**PROBLEM STATEMENT**
Copy every line from the one that holds "8268 Lawrence 2194 Property Photo 13" to the end of the records below, exactly and with nothing else, but without any pictures.

BEGIN INFORMATION GIVEN

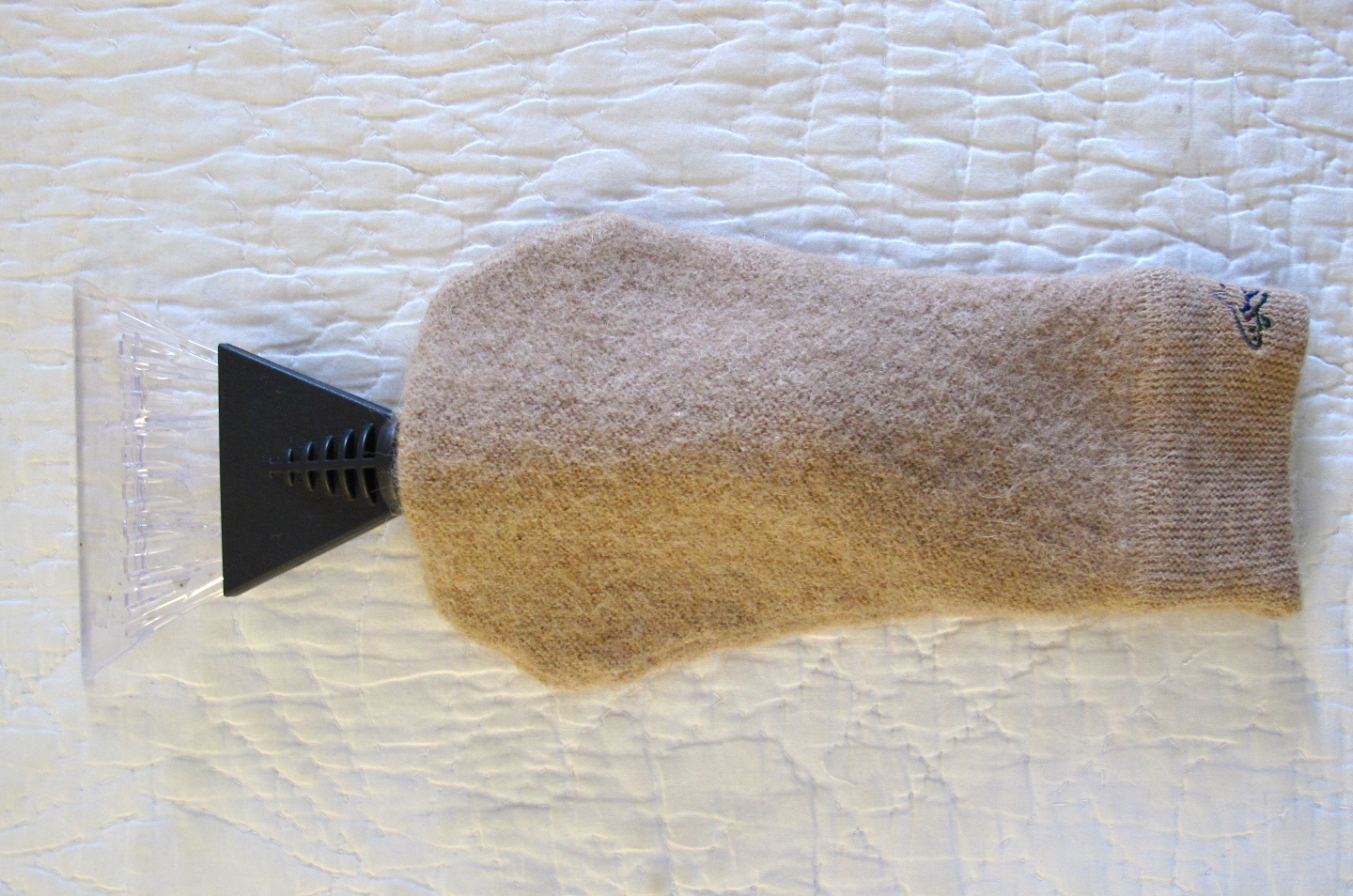 Resweater It's Tutorial Tuesday! Ice scraper mitten!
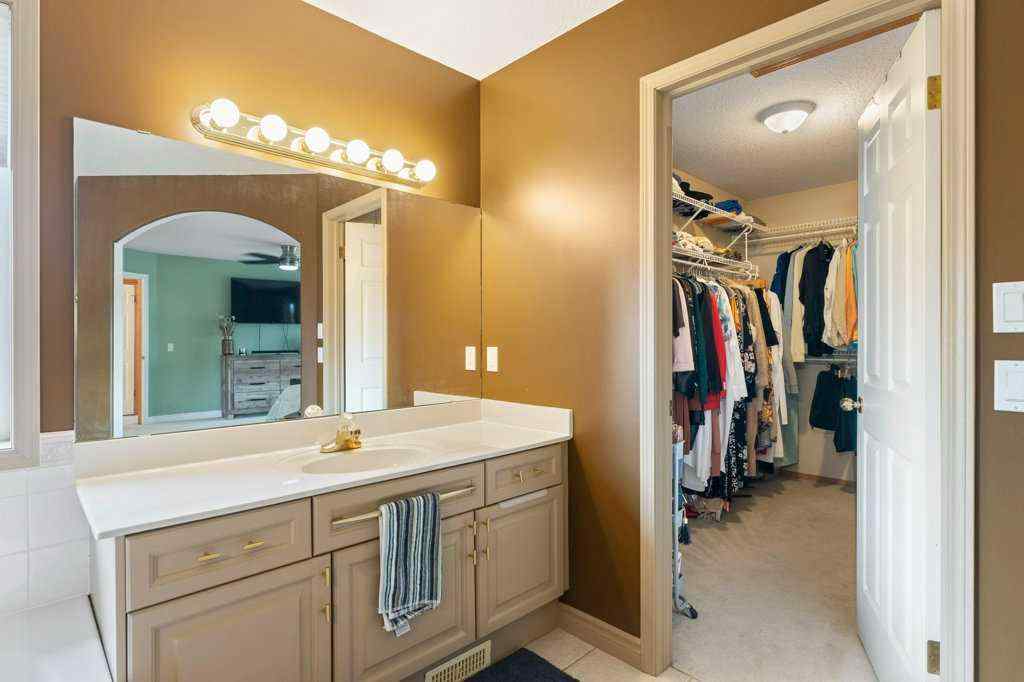 MLS® A2261671 - 10 Grande Point Estates  in Grande Pointe Estates Strathmore, Residential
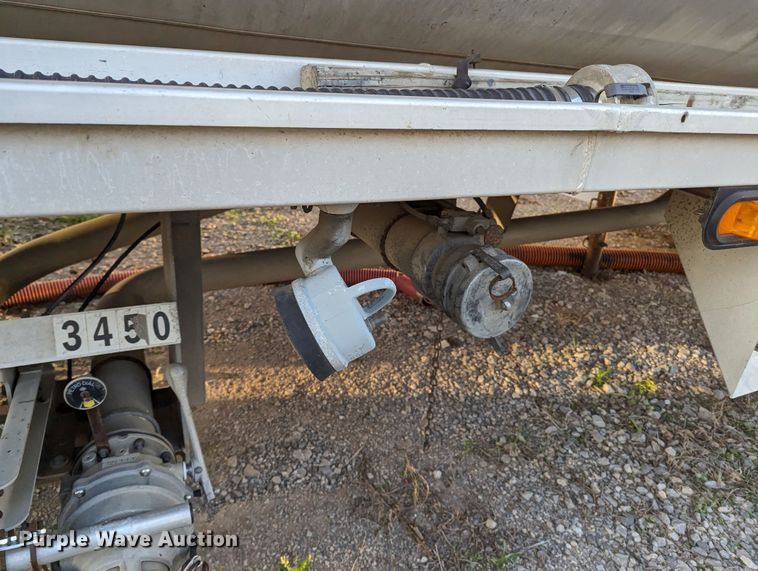 image for item MN9847 1983 Fruehauf TAG-R2-EDT-9250  tank trailer
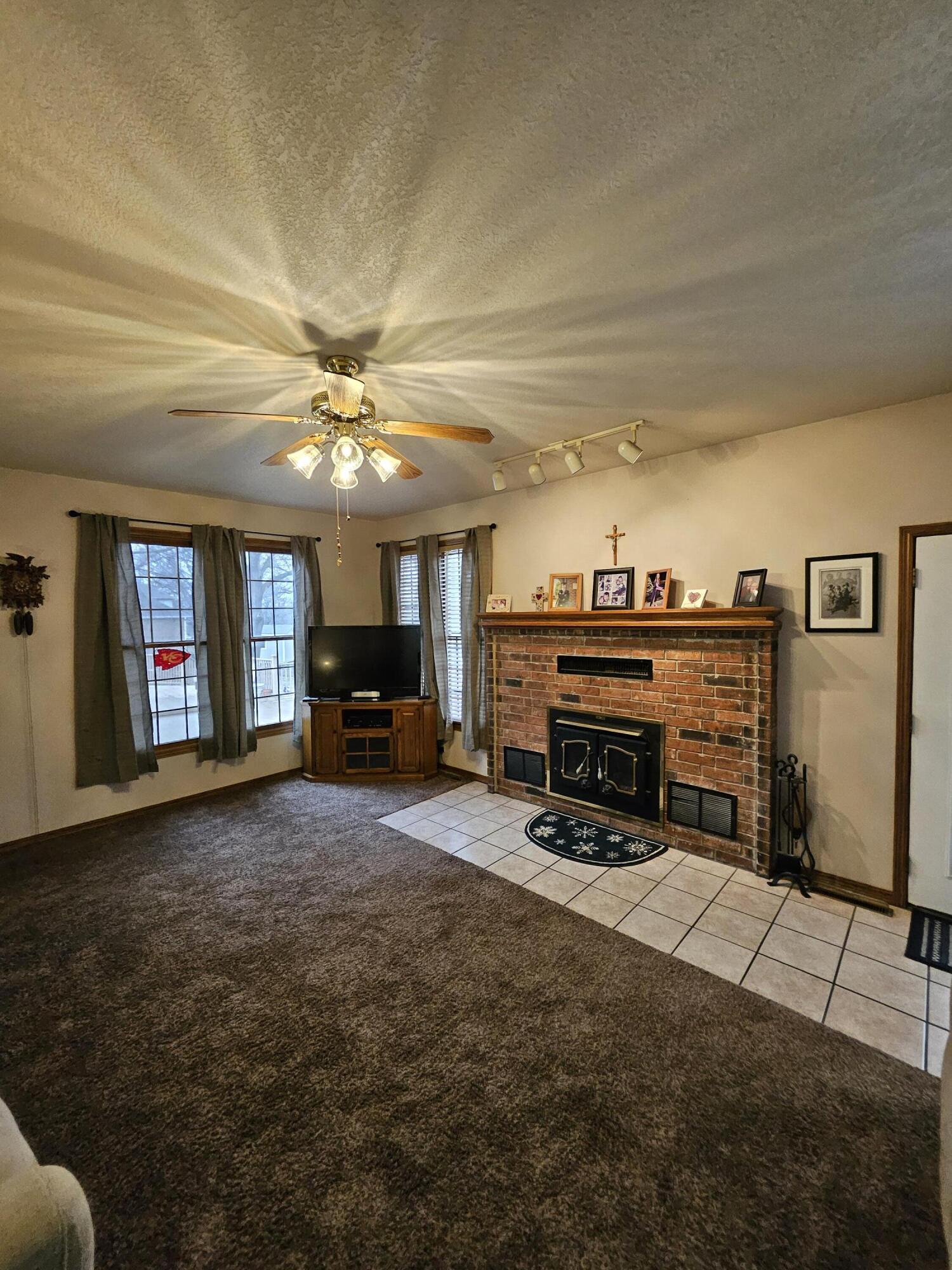 8268 Lawrence 2194 Property Photo 13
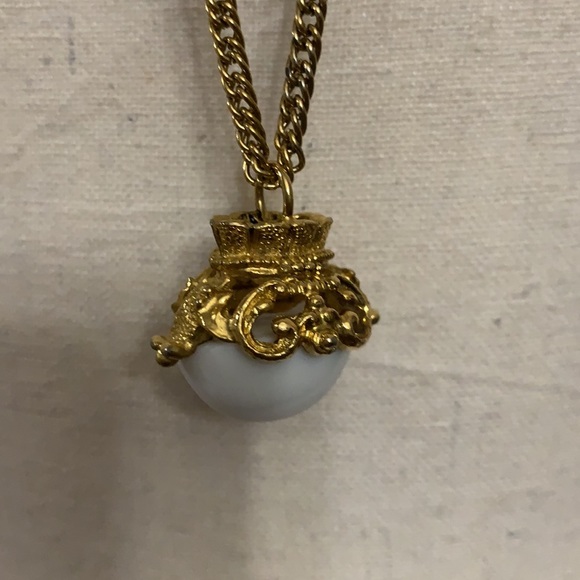 Vintage Double layer black & white egg pendant statement necklace - Picture 9 of 15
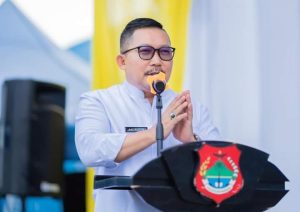 Bupati Banggai saat menyampaikan sambutannya.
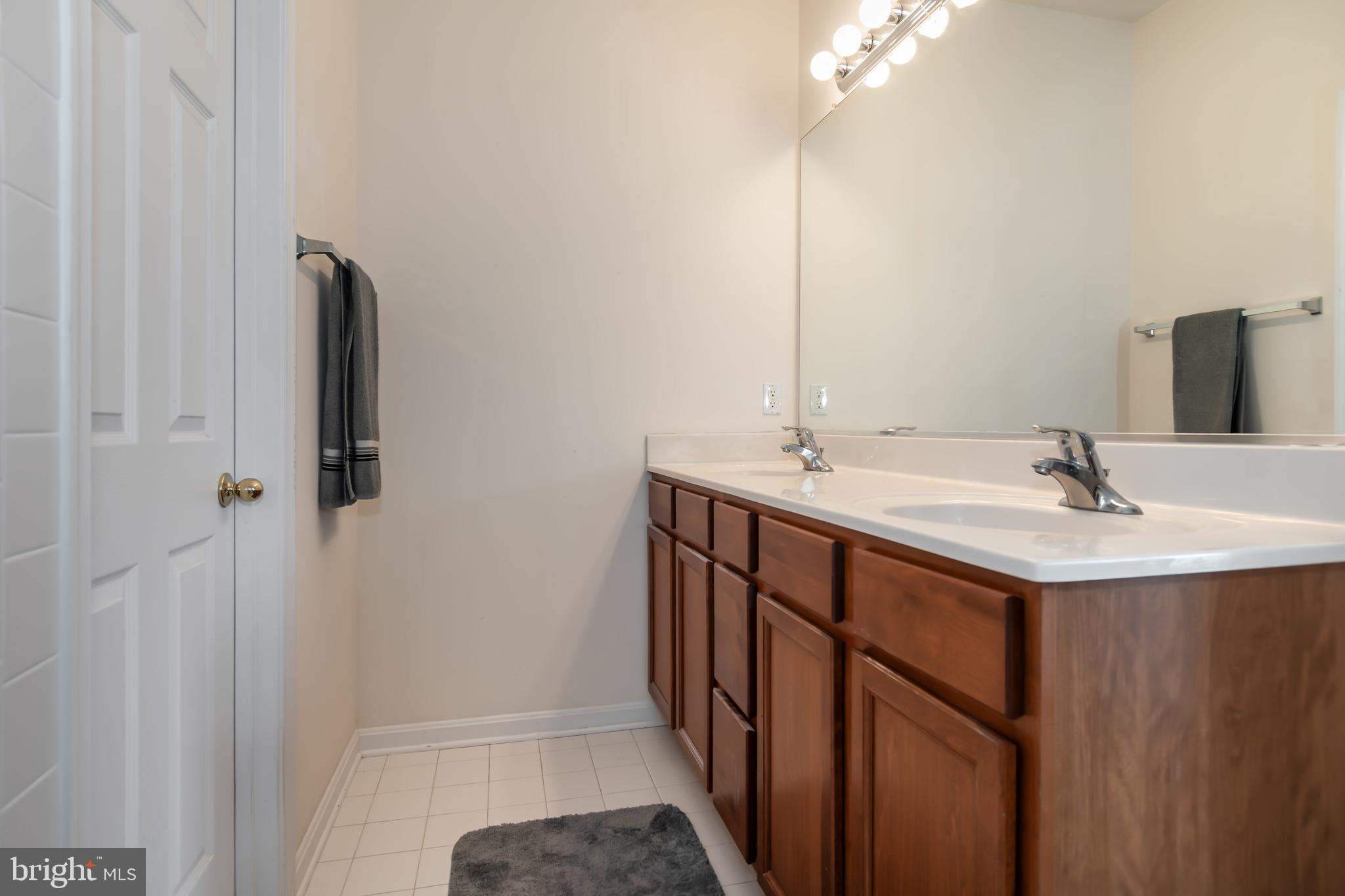 5 Mimosa Ct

END INFORMATION GIVEN

**REPLY TO THE EXERCISE**
 8268 Lawrence 2194 Property Photo 13
 Vintage Double layer black & white egg pendant statement necklace - Picture 9 of 15
 Bupati Banggai saat menyampaikan sambutannya.
 5 Mimosa Ct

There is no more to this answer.